Fernando TorresIn late March of this year, Barcelona and AC Milan played in the quarterfinals of the Champions League. The first leg, held at Milan’s San Siro, saw the Spanish and Italian sides draw, 0-0. Barcelona subsequently lodged a formal complaint about the “state of AC Milan’s pitch.”

This past weekend, Spain played Italy in one of the marquee matchups of the Euro 2012 Group Stages. The match was held in Gdansk, Poland. It ended in a draw, 1-1, and Spain has subsequently started complaining, albeit informally, about the state of the Arena Gdansk pitch.

“The pitch is a disaster. It’s lamentable to play on a pitch like that,” Spanish midfielder turned false-9/striker (but not totally a striker) Cesc Fabregas said. “I can’t complain but we deserved a lot more. It’s lamentable that we still have to play on pitches like that.”

He can’t complain for a couple of other reasons.

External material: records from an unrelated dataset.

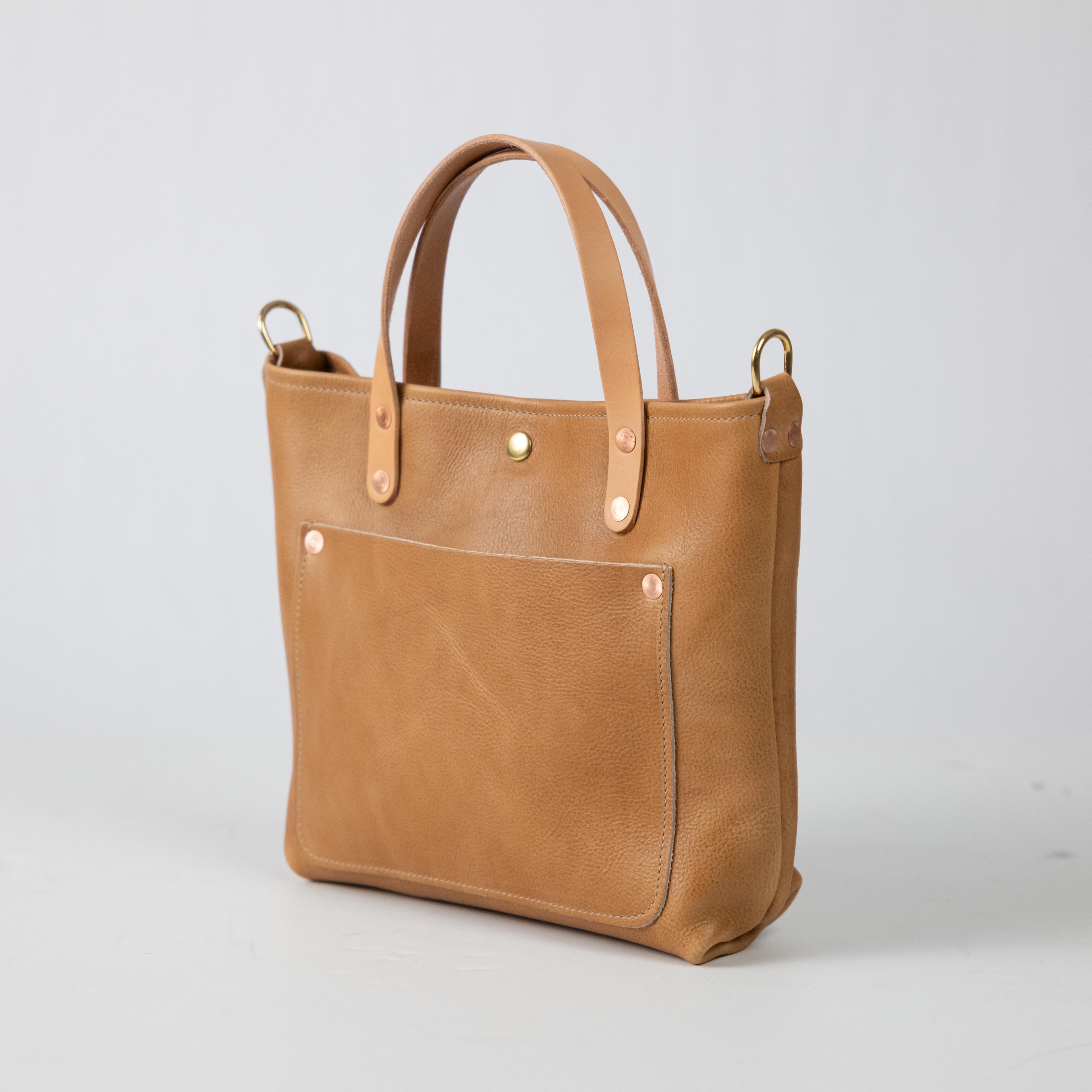 Sand Bulldog Mini Travel Tote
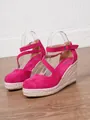 Détail de sandales compensées en daim fuchsia avec plateforme en corde tressée - 34 / Rose rouge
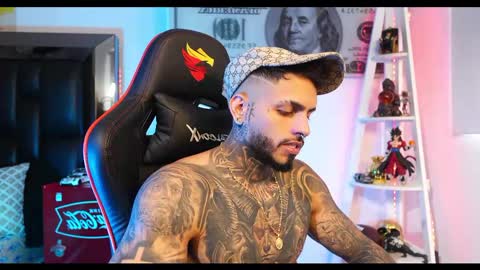 logan_hugh8 online show from February 2025 09:04:02 PM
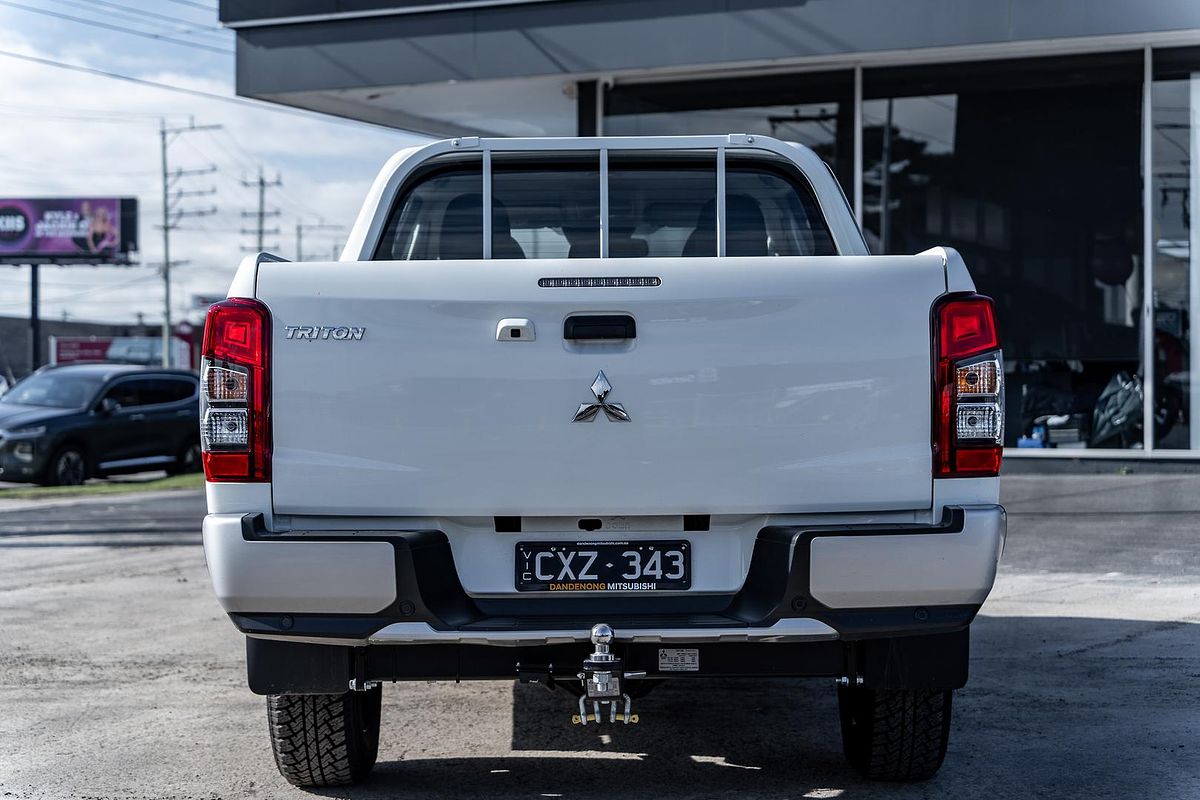 2023 Mitsubishi Triton GLX MR 4X4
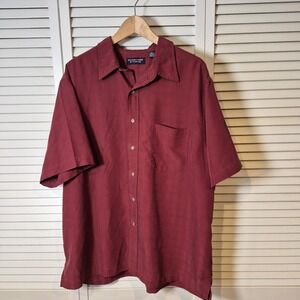 Roundtree & Yorke Mens XL Burgundy Plaid Short Sleeve Button Up Casual Shirt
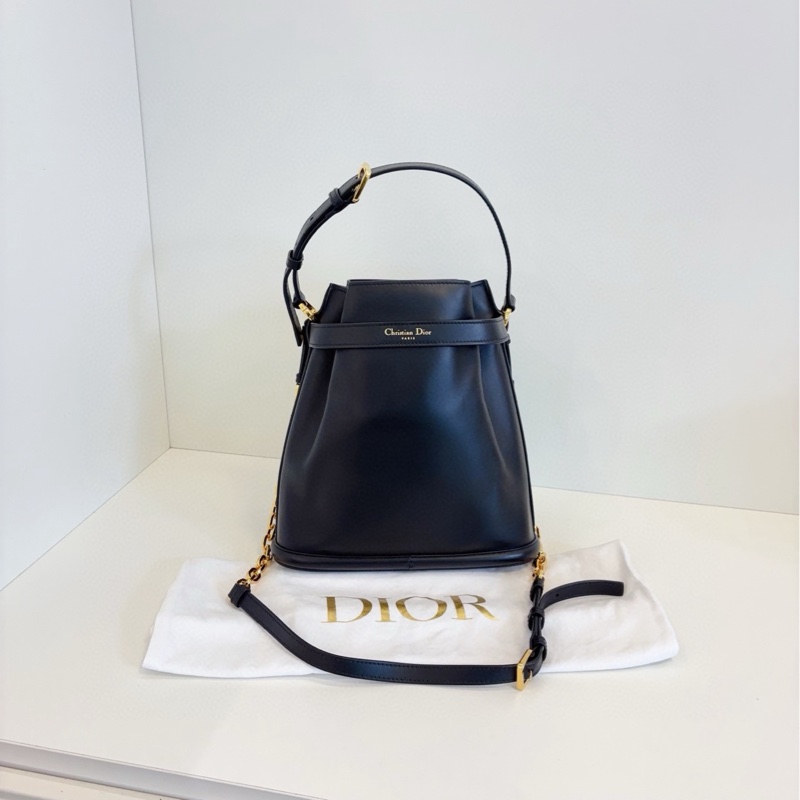 ✨Dior Jisoo同款 黑金牛皮 水桶包 斜背肩背手提 鏈條可拆卸日常通用🖤-4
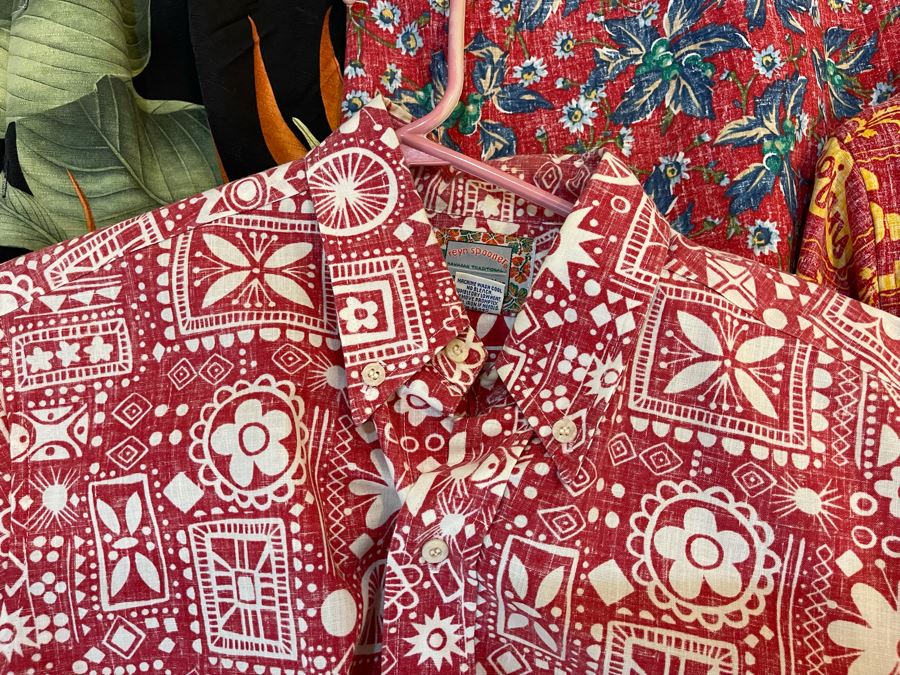 Collection Of Reyn Spooner / Tommy Bahama Hawaiian Button Up Shirts Size L / M [Photo 4]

Spain might have won 3-1 or 4-1 had manager Vicente del Bosque brought on striker Fernando Llorente (30 goals for club and country in 2011-12) or Alvaro Negredo (17 goals). Instead he went with Chelsea hit man miss-man Fernando Torres, who proceeded to have perhaps the most Torresian game possible.

Once considered one of the best strikers in the world, and scorer of the winning goal in the Euro 2008 final, Torres screwed up chance after chance, got his pocket picked by Italy keeper Gianluigi Buffon, and tried a chip that looked more like he was passing to someone in the stands.

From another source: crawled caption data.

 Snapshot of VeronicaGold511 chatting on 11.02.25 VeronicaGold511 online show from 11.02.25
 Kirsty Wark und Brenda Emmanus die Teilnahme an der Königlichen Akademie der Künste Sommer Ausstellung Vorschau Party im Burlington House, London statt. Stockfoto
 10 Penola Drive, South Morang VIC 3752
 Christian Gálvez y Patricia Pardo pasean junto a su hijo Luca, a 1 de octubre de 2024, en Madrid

When the grass is dry, as it was in Gdansk and as it was in March in Italy, the ball moves slower and with less precision. And sure, that impacts Barcelona’s and, to a lesser extent, Spain’s short passing game, which relies on moving the ball from player to player (and back to player) as crisply as possible. Xavi said as much: “The fact they didn’t water the pitch affected us and our passing.”

But it didn’t seem to bother Spain when Fabregas got their equalizer courtesy of David Silva’s scalpel-cut of a pass …

And it didn’t seem to bother Italy … at all. “It is the same for both teams,” Italy midfielder Andrea Pirlo said. I guess that stands to reason, though. Before moving to Juventus this past season, Andrea Pirlo spent 10 years playing home matches at, that’s right, AC Milan’s San Siro.